How and why is the bacterium Thermus aquaticus employed in recombinant DNA technology? Explain.
Answer:
The DNA polymerase enzyme isolated from Thermus aquaticus is widely used in PCR for amplification of gene of interest. This enzyme is heat stable and can act under the temperature conditions used in PCR machine.
Question 40.
a. What are molecular scissors ? Give one example.
b. Explain their role in recombinant DNA technology.
Answer:
a. These are restriction endonucleases which cut the DNA molecule into fragments with sticky ends.
e. g. Haemophilus parainfluenzas
b. The enzyme restriction endonuclease cleaves DNA at specific site resulting in the formation of sticky ends. In practice, the digestion by the restriction enzyme is performed by incubation of the purified DNA molecules with the specific enzyme keeping all other conditions at the optimum level and checked by using agarose gel electrophoresis.
Question 41.
Mention the role of vectors in recombinant DNA technology. Give any two examples.
Answer:
Vectors are used for inserting the gene of interest and amplifying it in a suitable host. Eg. Plasmid, bacteriophage.
Question 42.
Why is Agrobacterium tumefaciens a good cloning vector? Explain.
Answer:
The tumour inducing plasmid of Agrobacterium tumefaciens has now been modified into a cloning vector which is no more pathogenic to the plants but is still able to use the mechanism to deliver genes of our interest into a variety of plants.
Question 43.
Explain the importance of (a) ori, (b) ampR and (c) rop in the E.coli vector shown below.
Asnwer:
a = ori = origin of replication
b = ampR = ampicillin resistance genes c = rop = proteins involved in replication of plasmid.
ori = origin of replication is a specific portion of plasmid genome that serves as start signal for self replication.

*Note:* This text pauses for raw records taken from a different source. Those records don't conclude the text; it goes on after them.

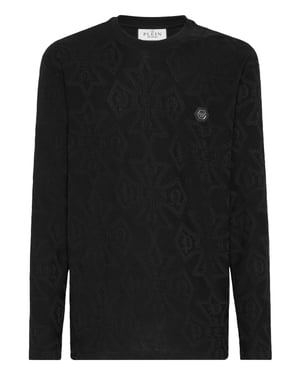 Longsleeve Jacquard Crest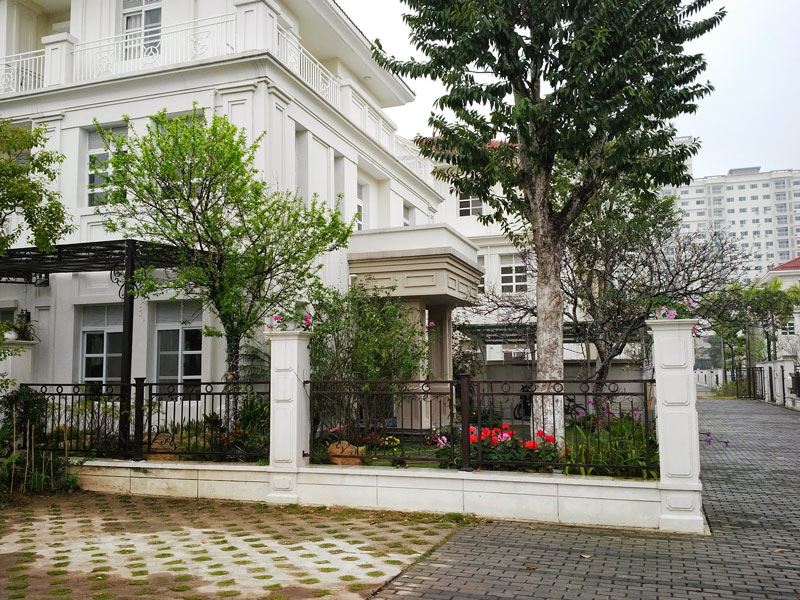 3 Biệt thự đơn lập bán đảo Linh Đàm, gần hồ điều hòa 30ha, DT 255m2, giá cực tốt chỉ 6x tỷ, x tiểu - Ảnh 3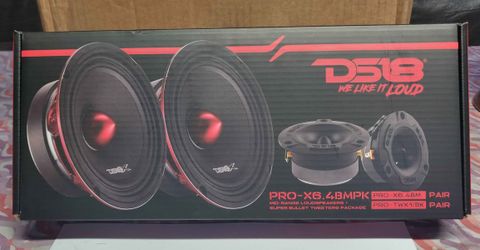 6.5 DS18 Speakers Combo 🔊🎶💪🏻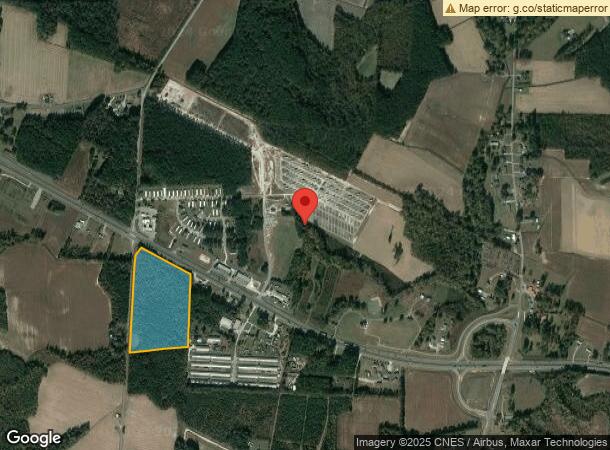  3377 Us Highway 70 E, Smithfield, NC Parcel Map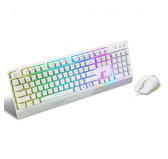 Pack Clavier Souris MSI Vigor GK30 Gaming COMBO Blanc RGB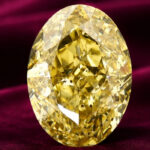 GIA Certified 1.01 CT Oval Shape Natural Diamond Brownish Greenish Yellow (CHAMELEON) Color SI2 Clarity (7.37 MM)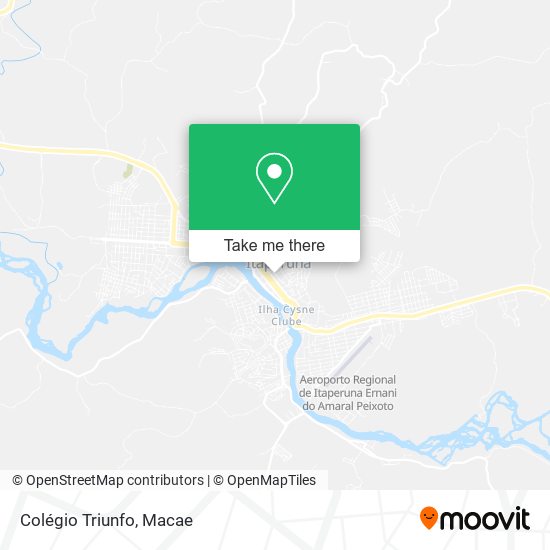 Colégio Triunfo map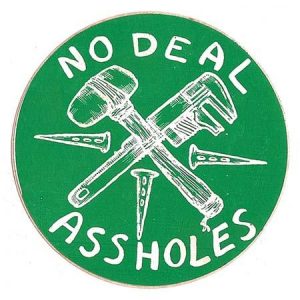 no-deal-sticker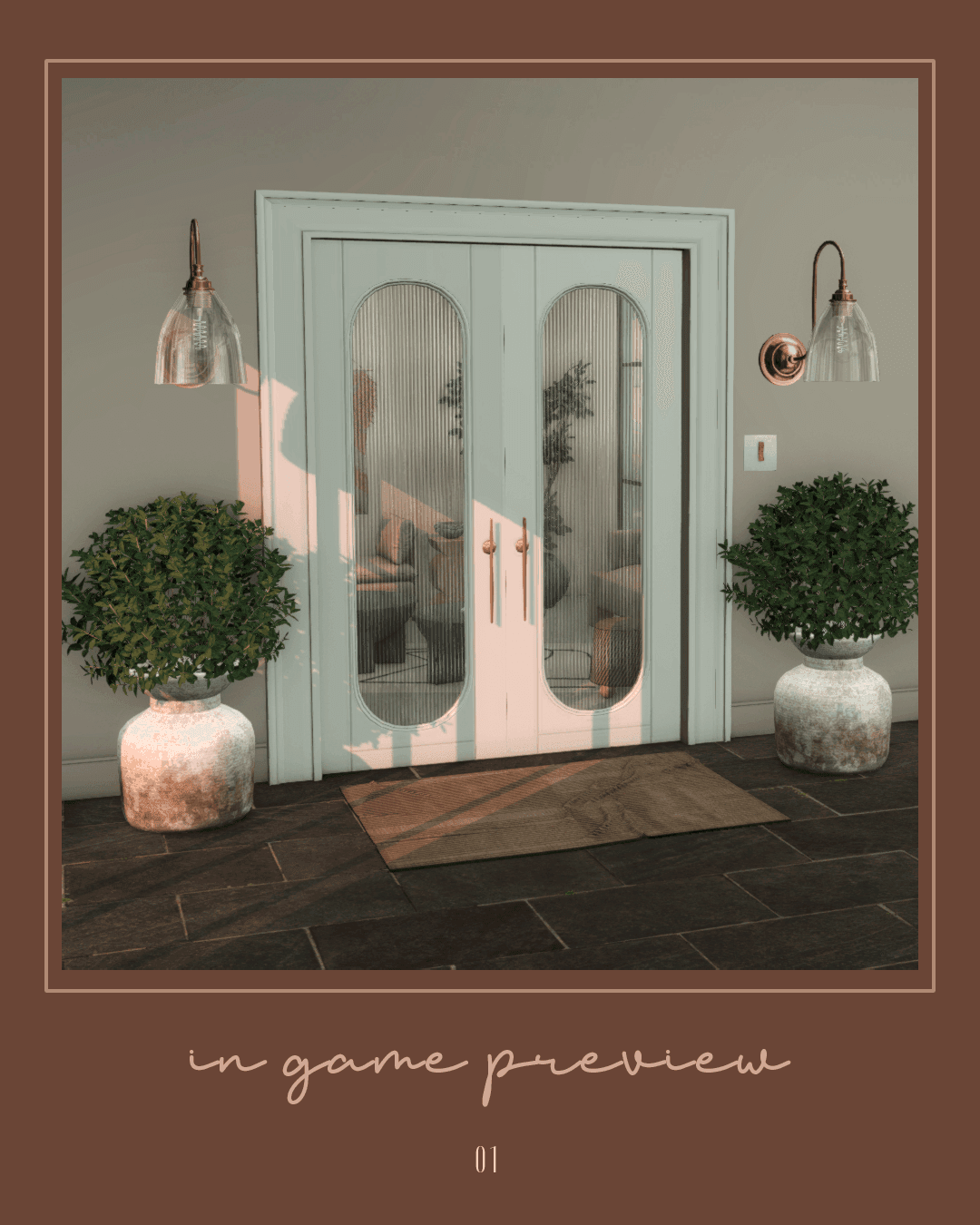 Галерея мода Дверь Monaco Door #1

Plasmids are characterised to possess some important genes like the antibiotic resistance gene like ampR, tetR.
The proteins produced by rop genes will help in the replication of plasmid.
Question 44.
If a certain plant when introduced into new environment neither produces seeds nor it responds to vegetative reproduction (propagation), how can more plants be produced of its kinds from this plant? State the method.
Answer:
At this stage, only tissue culture is the best method to produce more plants of its own kind. For this purpose following steps are to be taken.
i. A tissue from parental is to be sterilised.
ii. A suitable culture medium is provided to the separated tissue.
iii. Inoculation of this tissue and maintenance in aseptic conditions.
iv. Certain growth promoting hormones are also used for stimulating growth and differentiation.